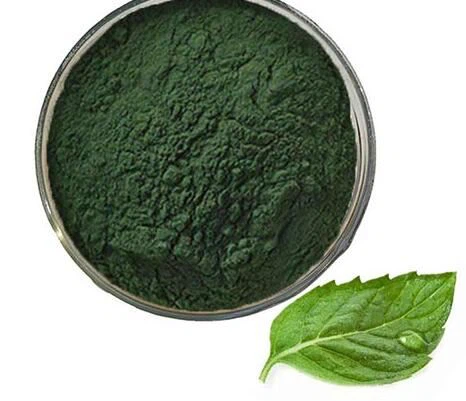 Wholesale Chlorophyll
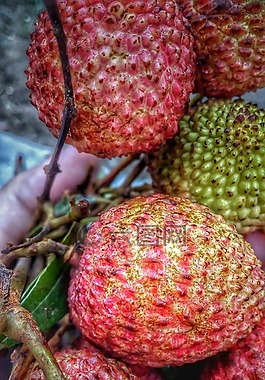 荔枝,水果,自然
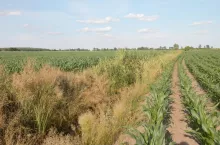 Biegnące wzdłuż pól rowy można zaliczyć do obszarów nieprodukcyjnych, o ile są w posiadaniu rolnika.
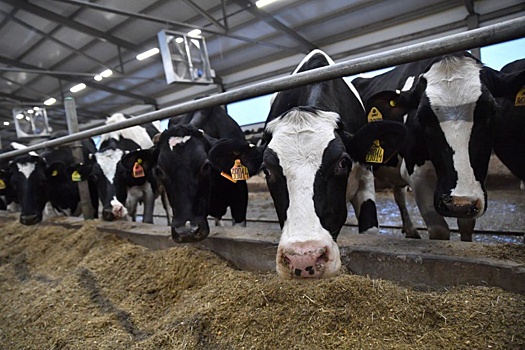 В Саратовской области увеличилось количество инвестиционных предложений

Assignment » Send back every line above exactly, skipping all pictures.

Response to this exercise »
 Wholesale Chlorophyll
 荔枝,水果,自然
 Biegnące wzdłuż pól rowy można zaliczyć do obszarów nieprodukcyjnych, o ile są w posiadaniu rolnika.
 В Саратовской области увеличилось количество инвестиционных предложений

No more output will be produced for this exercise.